The third song I played most often was a different thing altogether. I used the show to make tapes of stuff I liked, and also to try out new music (for you kids out there—finding new stuff to listen to wasn’t always as easy as point and click. We’uns had to work hard and take chances to find the good shit). I read something that resembled a review in Rolling Stone of the Boston funk/hair/metal band Extreme’s second record, Pornograffiti. It was a single paragraph in a half-page “Wrap Up” (written by the lovely Kim Neely) that covered five records. The review singled out a song called “More than Words,” which was described as “a placid duet [that] suggests the Beatles.” Curious, I spun the song one morning, and was hooked.
How many times must you hear a song before you get sick of it? Ten? Fifty? Hundreds? By the time “More Than Words” hit Number One in June of 1991, it seemed as though you could hear it on commercial radio all day, every day; as soon as it finished on one Top Forty station, you could turn the dial to the AOR station (for you kids out there—radios used to have dials that enabled one to move from one station to another). Soon as the AOR station was done (with the five-and-a-half-minute album version, not the four-minute single edit), you could flip over to another Top Forty station, and when they were done playing it, you could head to the Adult Contemporary station. Fatigue was certain to set in, and set in it did.
But I still remember the first time I cued it up, in the station’s crappy control room, before many of my fellow collegians were even really awake. The finger-picked chords (G, Cadd9, Am7, C, D, then back to G) were simple—almost too simple for a monster shredder like Nuno Bettencourt. It was a campfire progression, something to play around with after the eightieth chorus of “Kumbayah,” when the bottle’s been emptied and the embers are fading. I remembered singer Gary Cherone from their debut album; on uptempo stuff like “Wind Me Up” and “Kid Ego,” he seemed like some mutant cross between Queen’s Freddie Mercury and KISS’ Paul Stanley. But the tender tone of his voice in “More Than Words” seemed strange, yet strangely perfect. Remember, this was a period when the power ballad was king—the term heavy metal had undergone a rapid expansion, wide enough to include everyone from Maiden and Motorhead to Bon Jovi and Poison, and a good three-quarters or more of the bands in that bracket (not Motorhead) were unplugging and getting all sensitive ‘n’ shit.
“More Than Words” didn’t fit the typical mold, though. For one thing, it was all acoustic—no wee-diddle-diddle solo or whammy bar divebombs after the second chorus. No drums, either—the tap of Bettencourt’s fingers on the pick guard provided the only percussion. It was quiet, dare I say pure—a simple, harmony-rich expression of yearning and devotion and the desire to go deeper in a relationship.

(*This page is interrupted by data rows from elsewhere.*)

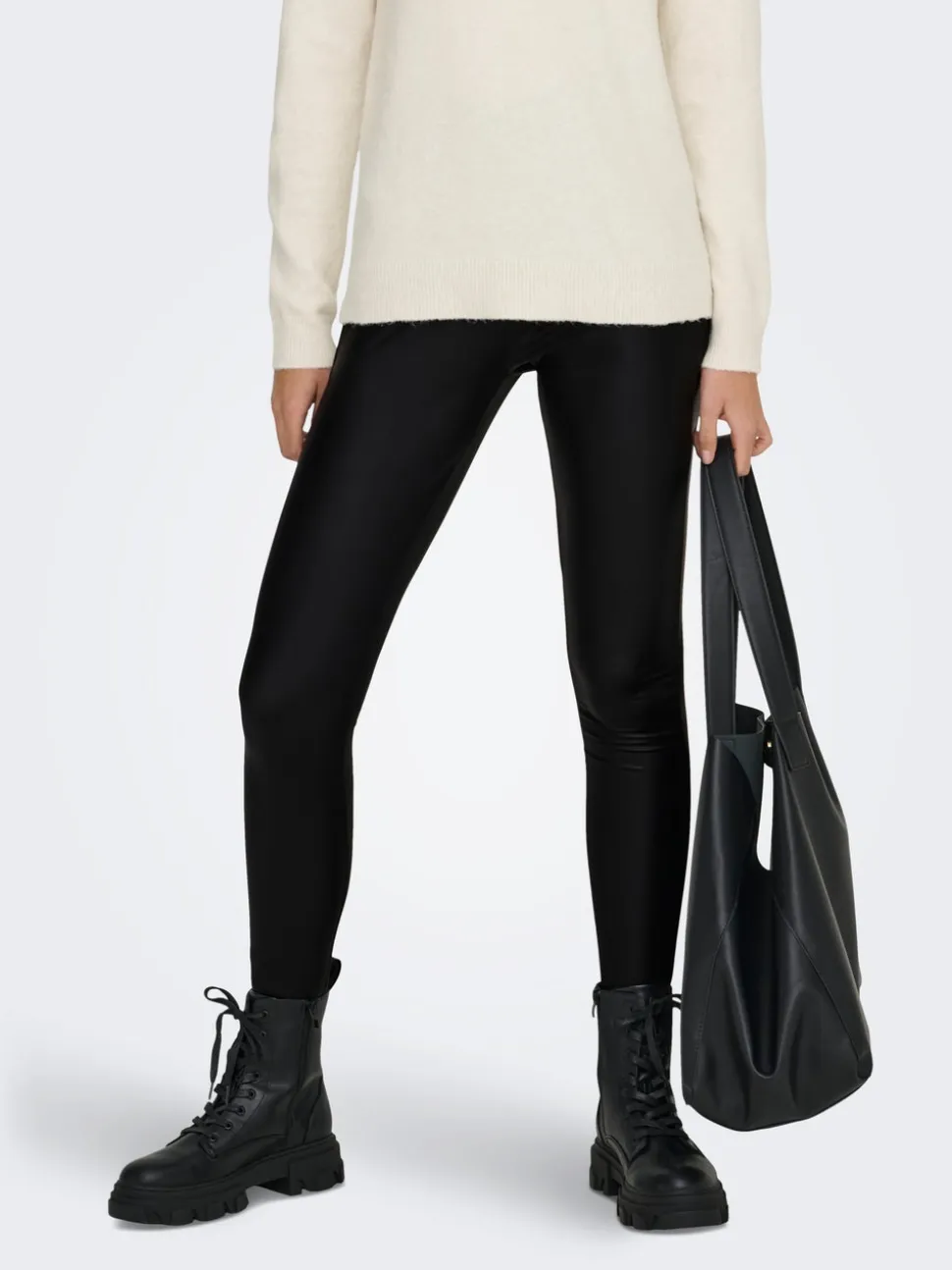 ONLCOOL Regular Fit Leggings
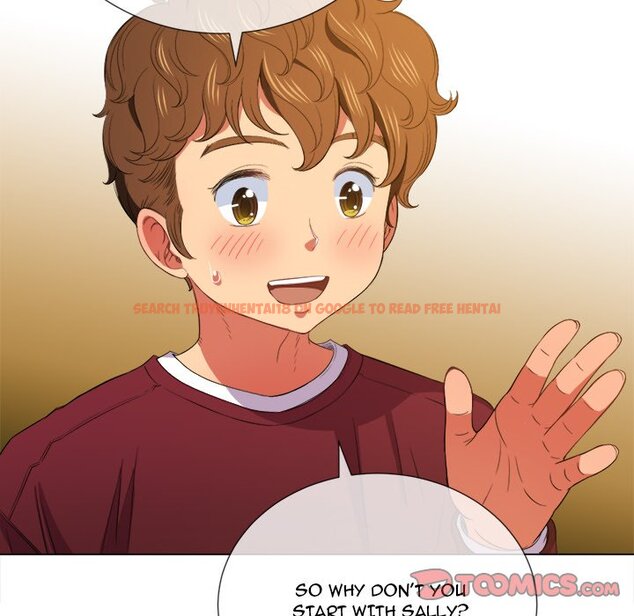 Read Hentai Image 93 673 in comic My High School Bully - Chapter 44 - www.hentaitnt.net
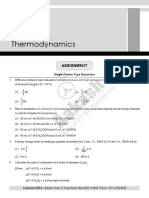 06. Thermodynamics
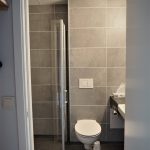 Esimerkkikuva kylpyhuoneesta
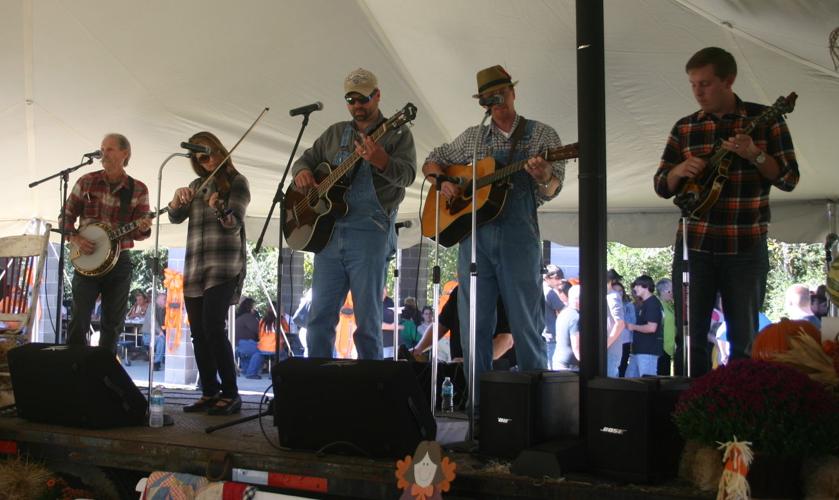 Del Rio Days Multimedia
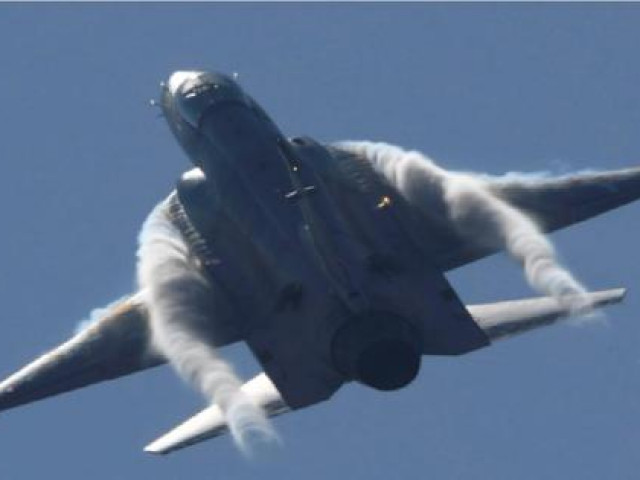 Thế giới - Phương Tây giáng đòn vào các công ty vũ khí Nga, ngành công nghiệp quốc phòng Trung Quốc gặp thời?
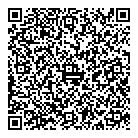 QR код "Магазин обуви"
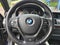 2014 BMW X3 xDrive35i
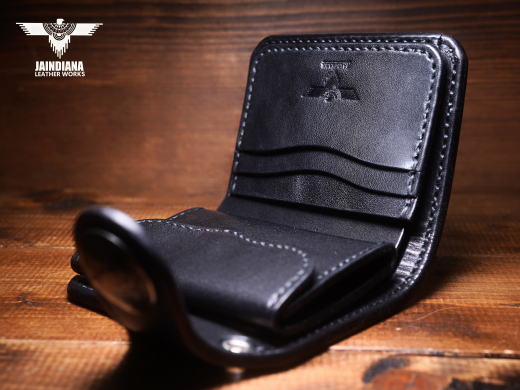 BCL-N �T�h�����U�[�����O�E�H���b�g5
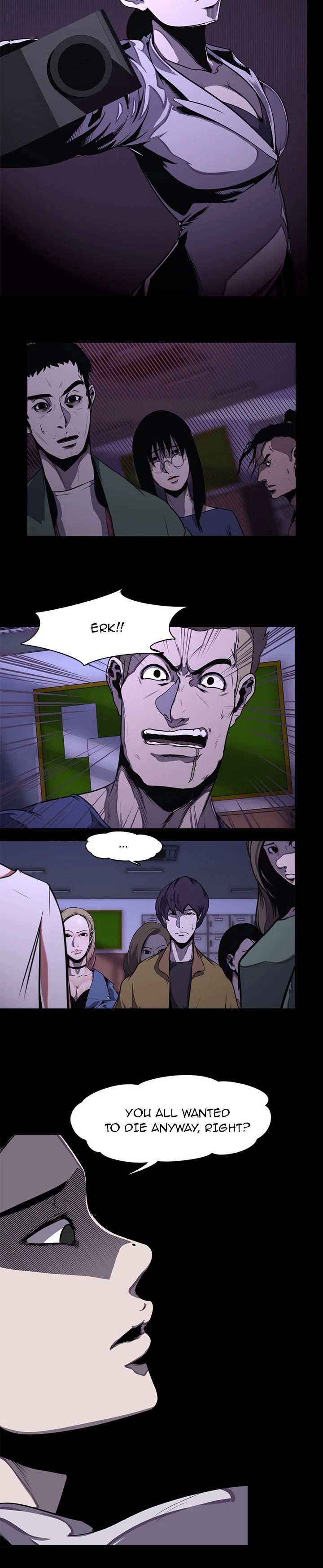 Chapter 1, page 5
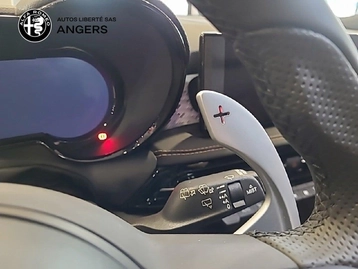 Image véhicule  Alfa Romeo TONALE (6)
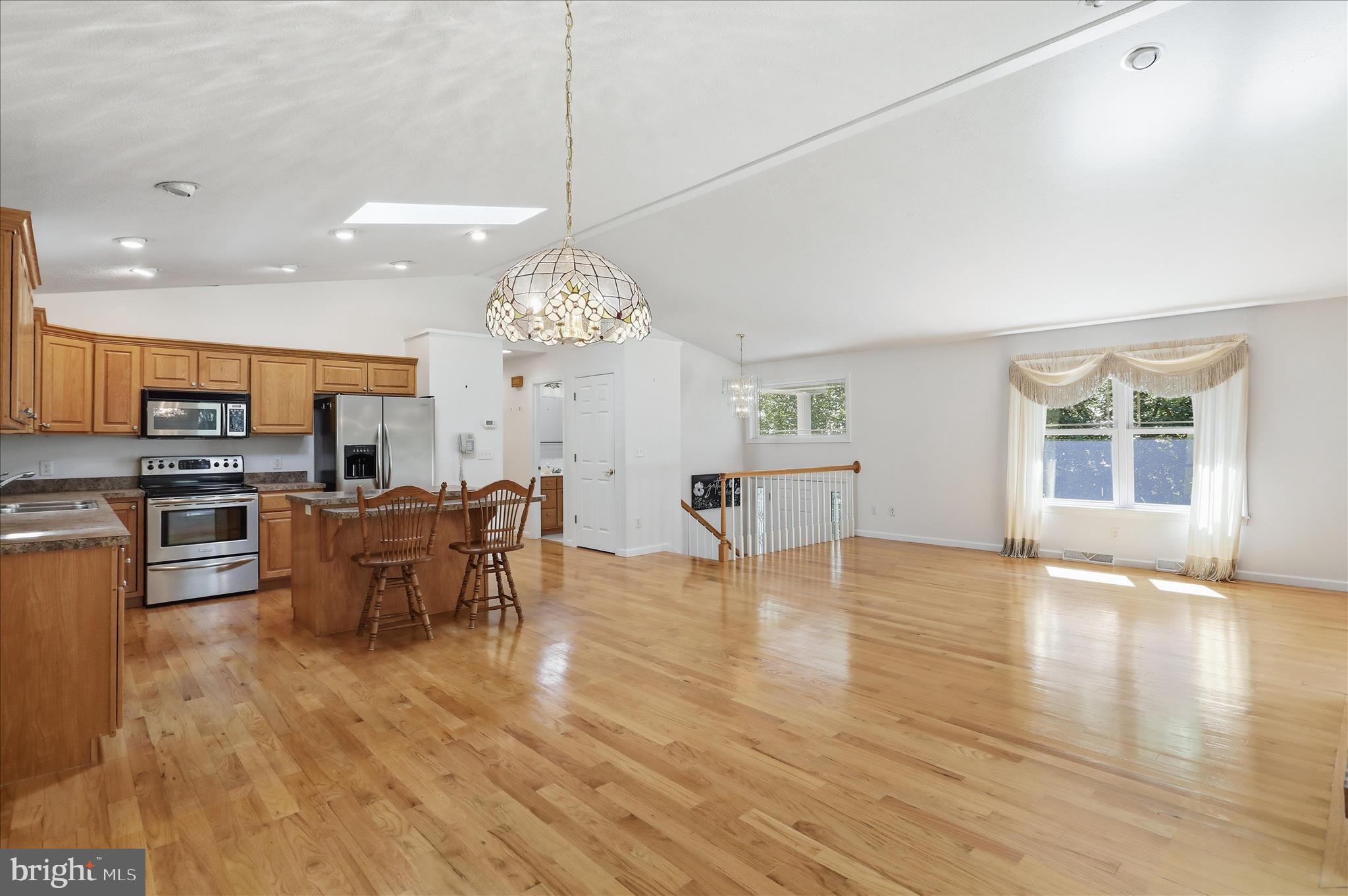 SHERWOOD ACRES - Residential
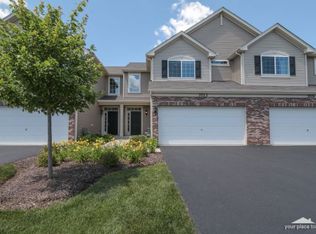 3713 Munson St, Plano, IL 60545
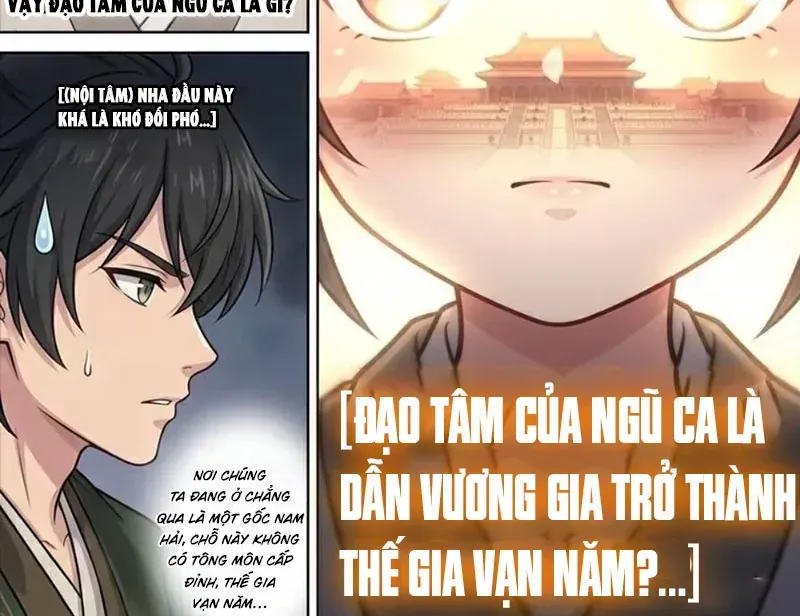 Chương 9 - Trang 34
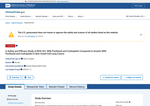 Check dated 2025-09-28T11:11:53.000Z thumbnail image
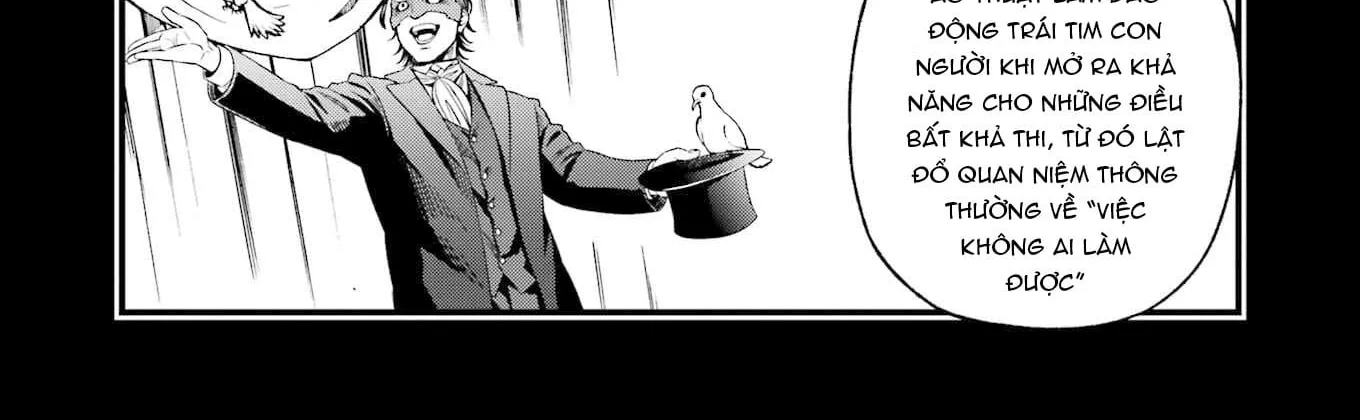 Chapter 137 - Trang 13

On the album version, it also had a fake ending—coming out of the final chorus, Bettencourt does a little flashy picking, punctuated with a hard-plucked harmonic, and the first time I played it on the air, I thought the song was done. Started into my stop-set, back-announcing the song, only to find myself countered by Cherone’s falsetto as it wafted back in, going into one last expression of the song’s title, before Bettencourt ended things with the final G chord.
That awkward moment aside, I thought “More Than Words” was the bee’s knees; played it damn near every show until I gave up the radio thing at semester’s end. And even though commercial radio played it to death, I never stopped digging it. Dig it to this day, even though the only f-bombs in it are the occasional ones I add when singing along.